Note that the mutable
keyword we apply to data members is not a type qualifier like const
. It is instead a “storage-class-specifier” like static
, extern
, or register
, and thread_local
that only applies to data members. That’s why we can’t declare a local or global variable with type mutable int
like we can with const int
.
Conclusion
Both languages have thread-local storage and a volatile
keyword, but they have significant differences. Thread-local storage in C++ can be applied to more kinds of variables, such as locals and globals. It also guarantees per-thread initialization where C# only initializes once ever. It also features de-initialization when the thread terminates. C# code needs to manually implement both per-thread initialization and per-thread de-initialization.
As for the volatile
keyword, it’s intended usage and implementation varies significantly between C# and C++. In C#, we get guaranteed atomic accesses and memory fences which is great for synchronizing multiple threads. In C++, we just disable some compiler optimizations that would get in the way of memory-mapped I/O. Thread synchronization is usually solved with other tools, such as mutexes and the Standard Library’s std::atomic
class template. Due to the identical naming of the keyword in both languages, many programmers assume identical functionality. It’s important to know that this is not the case and to use the keyword appropriately in each language.
#1 by radwan on September 6th, 2022 ·
Hey!
I think there are some misconceptions about C#’s volatile keyword.

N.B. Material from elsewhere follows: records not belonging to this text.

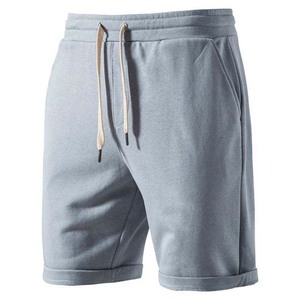 Pantalones Cortos Bermuda de Algodón de Color Liso para Hombre, con Cordón en la Cintura, Tejido de Punto Casual, de Tiro Medio, Transpirables, para Entrenamiento y Descanso - Product Image 1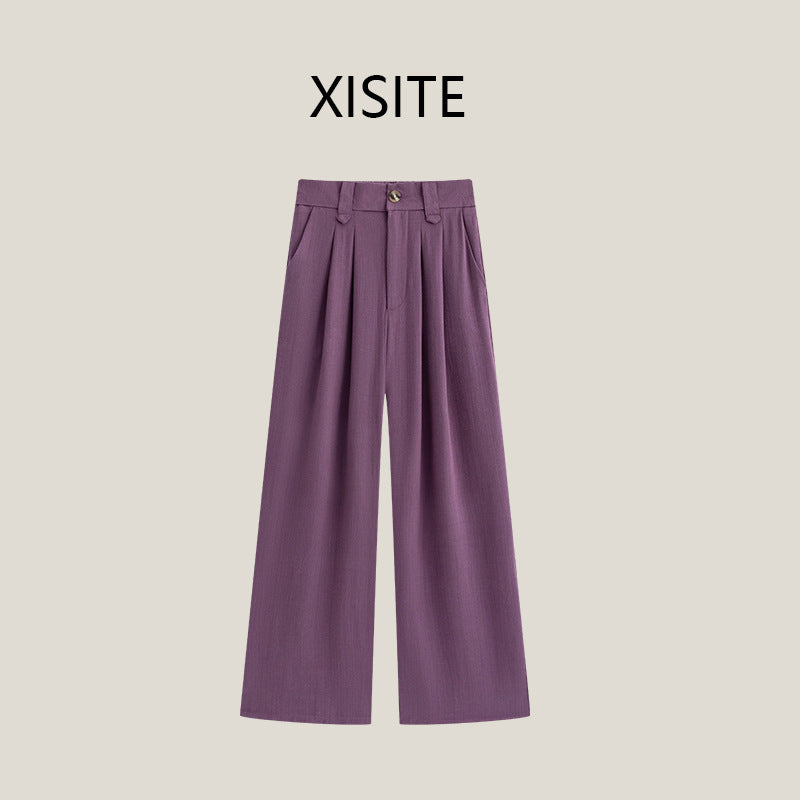 Casual Anti-wrinkle Thin High Waist Slimming And Straight Draping Cotton Linen Wide Leg Pants Long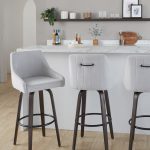 Hannah 30-Inch Walnut Glazed Wood & Grey Fabric Barstools (Set of 2) 11 Hannah 30-Inch Walnut Glazed Wood & Grey Fabric Barstools (Set of 2)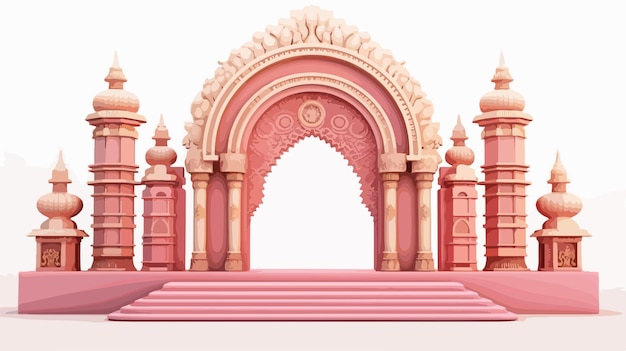 a pink arch with a red stone arch on the top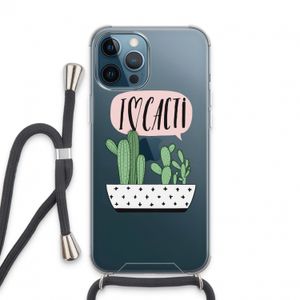I love cacti: iPhone 13 Pro Max Transparant Hoesje met koord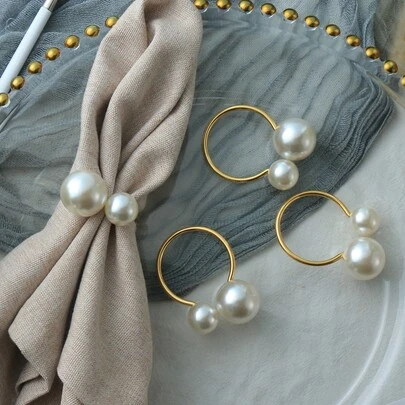 1-24pcs Premium Hotel & Restaurant Dining Table Decor Pearl Napkin Rings, Suitable For Wedding, Holiday Table Settings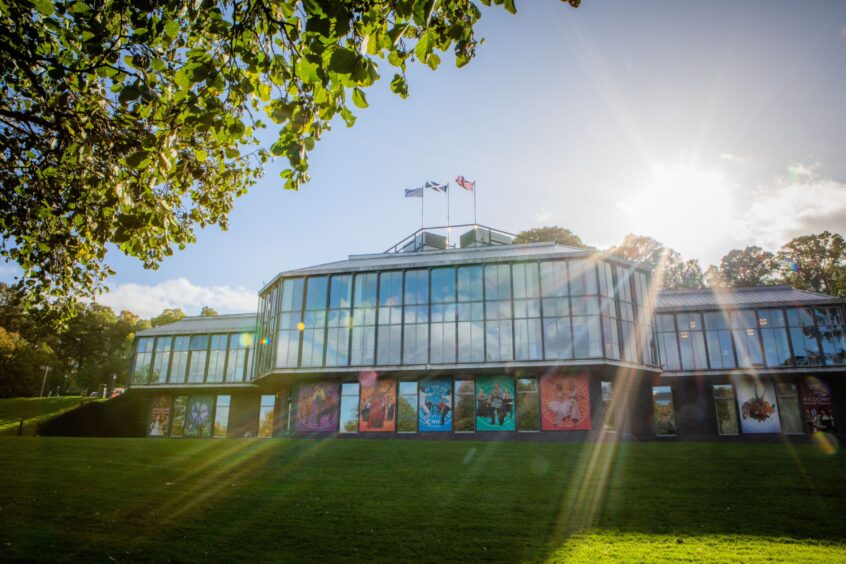 Pitlochry Festival theatre exterior on a sunny day
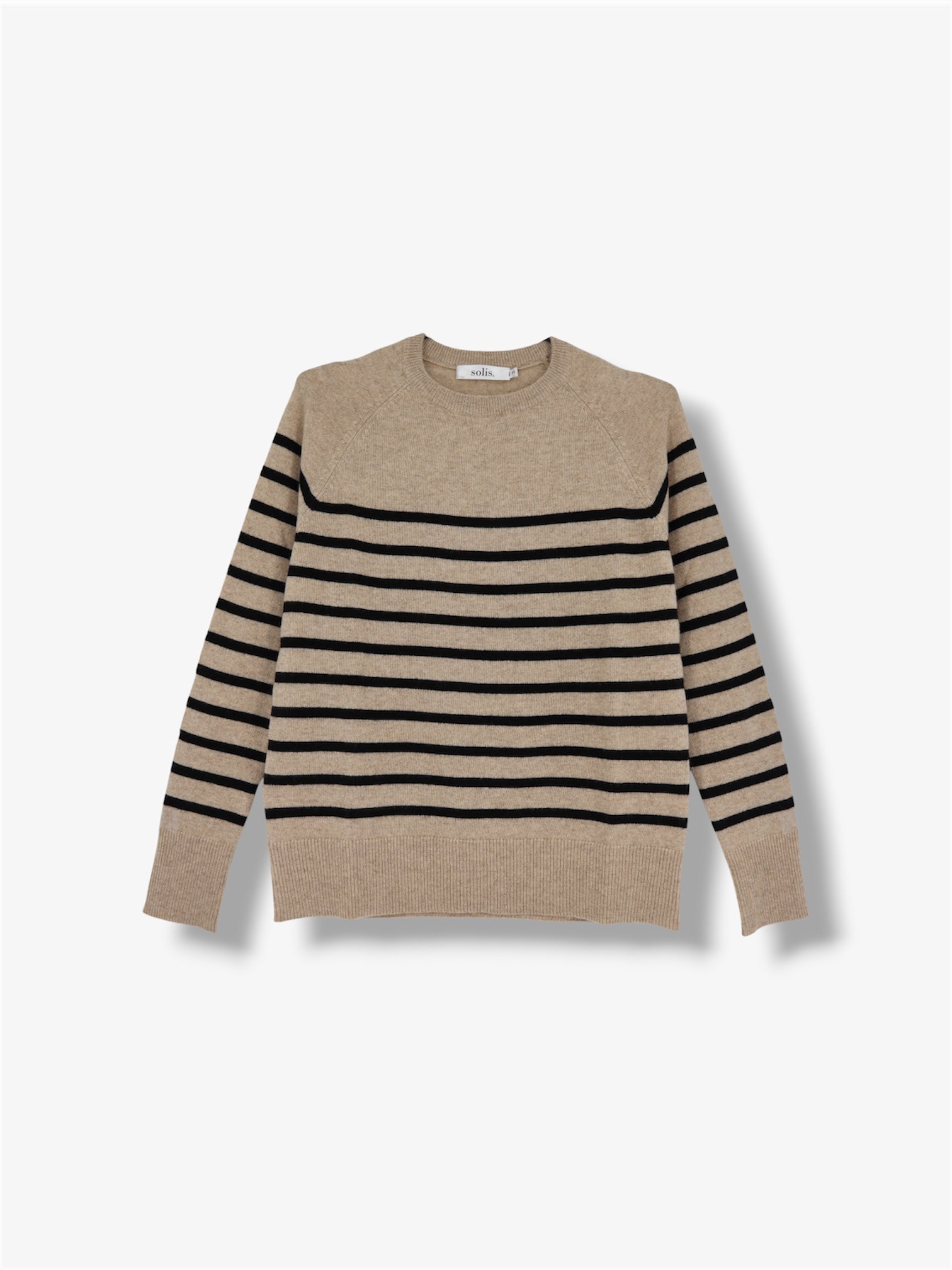 Cashmere Raglan Stripe Jumper in Eco Stone / Black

First of all, it doesn’t guarantee atomic read or writes. All types that are allowed to be volatile already have atomic read and writes since they fit in 32 bits. The very reason why volatile cannot be used on longs and doubles is that they have no atomic read/writes guarantee.
Secondly, fences you’re discussing are nothing but acquire/release semantics that prevent read and writes reordering. The only difference between C# and C++ I see here is the lack of consensus between C++ compilers on how acquire/release should be treated in regard to non-volatile variables.
Then you also mention that in C++ volatile prevents compiler from optimizing memory access to variables that could be modified externally. C#’s volatile does exactly the same. This code will run endlessly without volatile on the boolean (due to compiler’s optimization; might need release mode):
Just like in C++, C# also uses atomicity (Interlocked class) and mutexes (locks) for thread synchronization. Volatile is definitely not a thread synchronization tool!
To me, it looks like C# and C++ volatile are not that different.